Review by: tucker (Karl)
Dated: 1st of March, 2021

Link to this review Report this review

 

This Review: 9.8/10
Value for Money:
Score 9 out of 10
Variety / Theme:
Score 10 out of 10
Lose Track of Time:
Score 10 out of 10
Personal Choice:
Score 10 out of 10

15 years ago, while working for a regional newspaper, I was offered a chance to read and write a review of a book called "Brass Man" by an author I had never heard of. The book sat on my desk for almost a month before I got around to reading it - it sounded a bit outside my normal preferences. Getting into it took a fair bit of effort due to the extensive back-story I wasn't aware of, having not read any of the previous titles by Neal Asher. By the end of the book though, I was hooked. Asher crafted a world that I could see in my mind as I read, and that world had serious scope and depth. I started buying up his books wherever I could find them.

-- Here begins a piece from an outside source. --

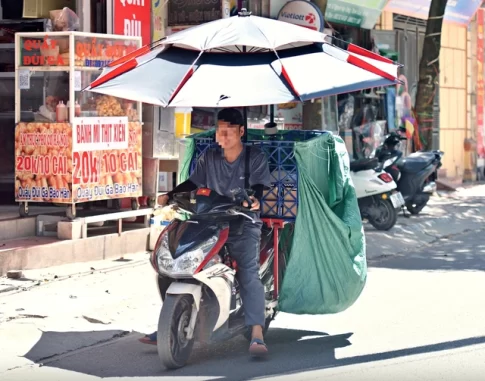 ベトナム北部の猛暑の中パラソルをさしたバイクを運転するドライバー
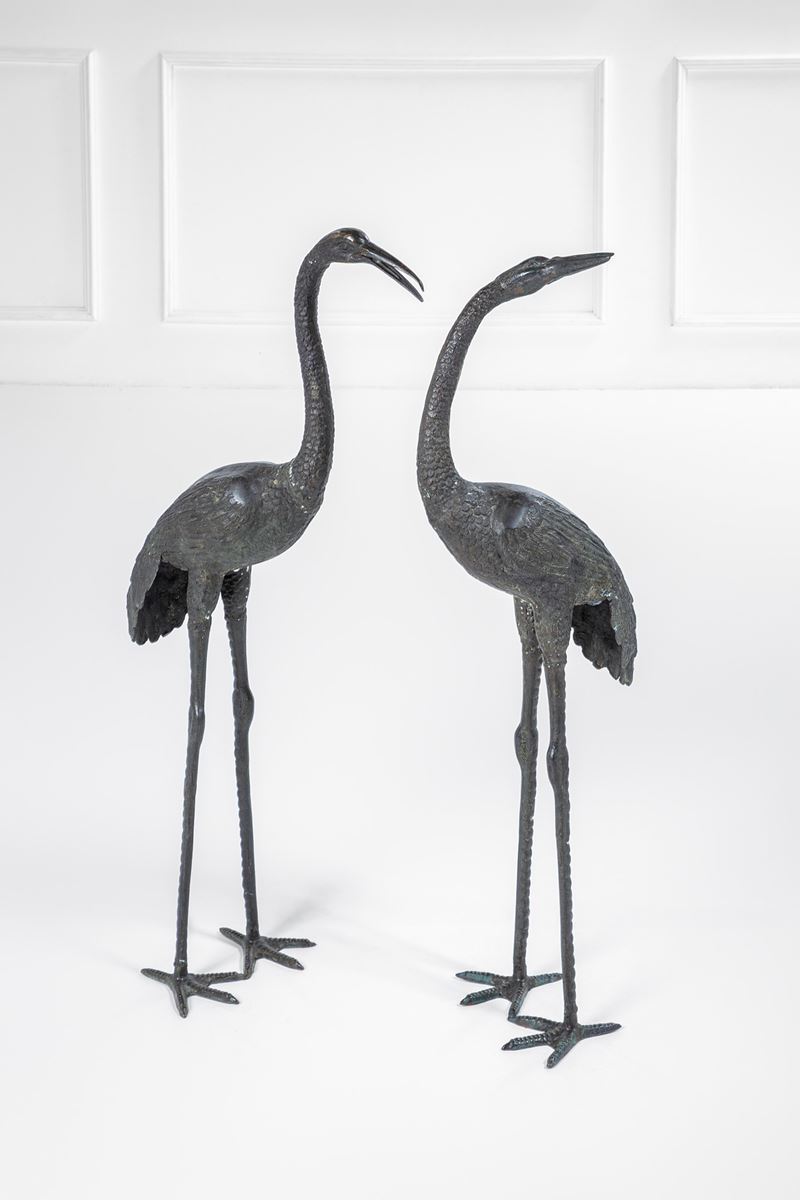 Fusione di metallo, Due sculture raffiguranti gru, 1940 ca.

Fast forward to today, and I now have the task of reading a collection of short stories that are still set in Asher's "Polity" universe but addresses the timeline at the tail end of humanity's galaxy-spanning civilisation. Asher brings to bear his extensive writing prowess across a number of different modes that still resonate with his signature "hard-sci-fi threaded through a good storyline" style. From 'The Relict' - which follows a very strange man on an alien world in the midst of a protracted civil war - to 'Raising Moloch' - one of the few stories involving the dreaded Hooders wherein humans encounter one of the warbeasts and actually live to walk away. From start to finish, this collection will keep any fan of Asher's works hooked. If you have never read any of Asher's works, this is a great collection to give you a taste - if you like these stories, you're going to love the wider Polity universe and the myriad stories Asher draws from it.

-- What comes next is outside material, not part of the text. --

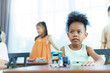 © DG PhotoStock - Group of diverse children enjoy learning about the STEM.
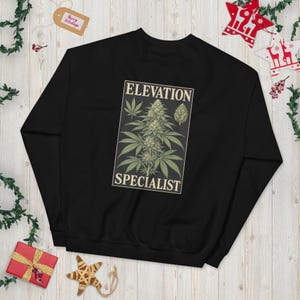 Könnte beinhalten: Ein schwarzes Langarm-Sweatshirt mit einer rechteckigen Grafik auf der Brust. Die Abbildung zeigt eine grüne Cannabispflanze mit dem Text "ELEVATION SPECIALIST" in einer cremefarbenen Serifenschrift oberhalb und unterhalb des Motivs.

One of the most compelling stories for me was 'Plenty' and at 102 pages, this is also the longest tale in the book. Very much a "shipwrecked, lost and alone" tale which, according to Neal, carries a very 'Robinson Crusoe' vibe that only became apparent in retrospect, however the first 35 pages reminded me far more of the Tom Hanks movie 'Cast Away' - ill of health yet still needing to harvest raw materials for survival from non-natural sources, in this case, the bio-tech 'podules' that have started to grow wild on this long-ago abandoned world.

The first tale in the book - 'The Relict' - is an excellent literary example of "Don't judge a book by its cover" with the main character being somewhat of an enigma to start with, but who soon blossoms into someone quite remarkable. The character development and revelations speed up as the story progresses, which kept me reading what amounted to a war story - not my favourite genre by any means. I don't come across many story-creators - be it books or movies - that can keep me engaged when the tale veers off to discuss war. Neal Asher is one of those rare few, which is good when one considered just how many of his stories are about warfare.

In a previous anthology - World War Four - is a tale called 'Monitor Logan', and there's a story in here of the same name. While they are the same story, the plot is drawn out into a much more interesting tale in three parts in this collection. Seeing the evolution of the story does make me wonder if Neal has plans to extend other shorts into fuller stories, and maybe even into full novels in their own right. I know there's a few of his short tales I would dearly love to read more of.

Overall, this is a stunning collection and I hope Neal writes many more like it. I'll be watching for them eagerly.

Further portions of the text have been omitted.